WORK INSTRUCTIONS: Among the entries below, which lines run from the line with "błyskiem 082936/768/001/000280/1 Firanka" through the line with "2444 S Lakeview Drive, Gordon, TX 76453"? Retype those, both ends included, exactly and without pictures.

PROVIDED DATA:
<<<<

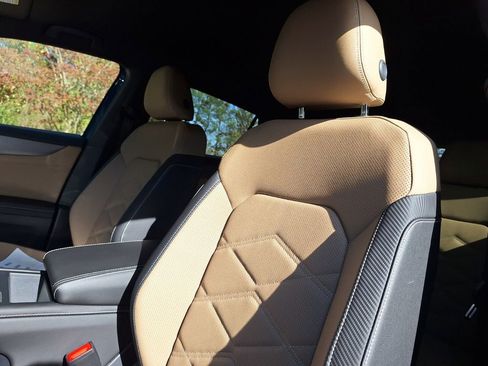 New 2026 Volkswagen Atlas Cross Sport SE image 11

>>>>
<<<<

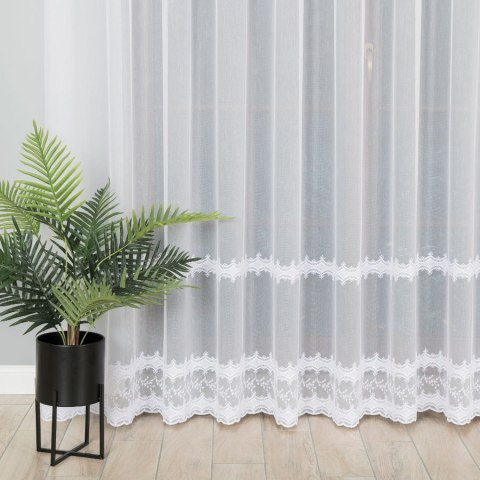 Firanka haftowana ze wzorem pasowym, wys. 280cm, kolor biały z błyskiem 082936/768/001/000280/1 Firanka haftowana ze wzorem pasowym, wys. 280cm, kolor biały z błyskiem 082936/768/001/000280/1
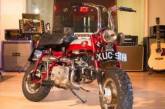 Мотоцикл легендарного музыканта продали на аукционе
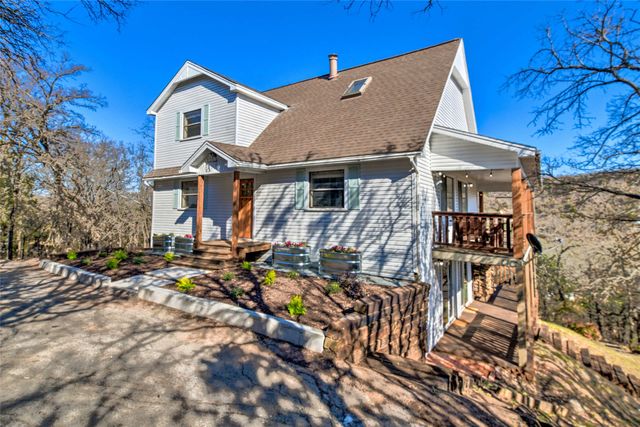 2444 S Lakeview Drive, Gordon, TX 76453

>>>>

ANSWER BOX:
 Firanka haftowana ze wzorem pasowym, wys. 280cm, kolor biały z błyskiem 082936/768/001/000280/1 Firanka haftowana ze wzorem pasowym, wys. 280cm, kolor biały z błyskiem 082936/768/001/000280/1
 Мотоцикл легендарного музыканта продали на аукционе
 2444 S Lakeview Drive, Gordon, TX 76453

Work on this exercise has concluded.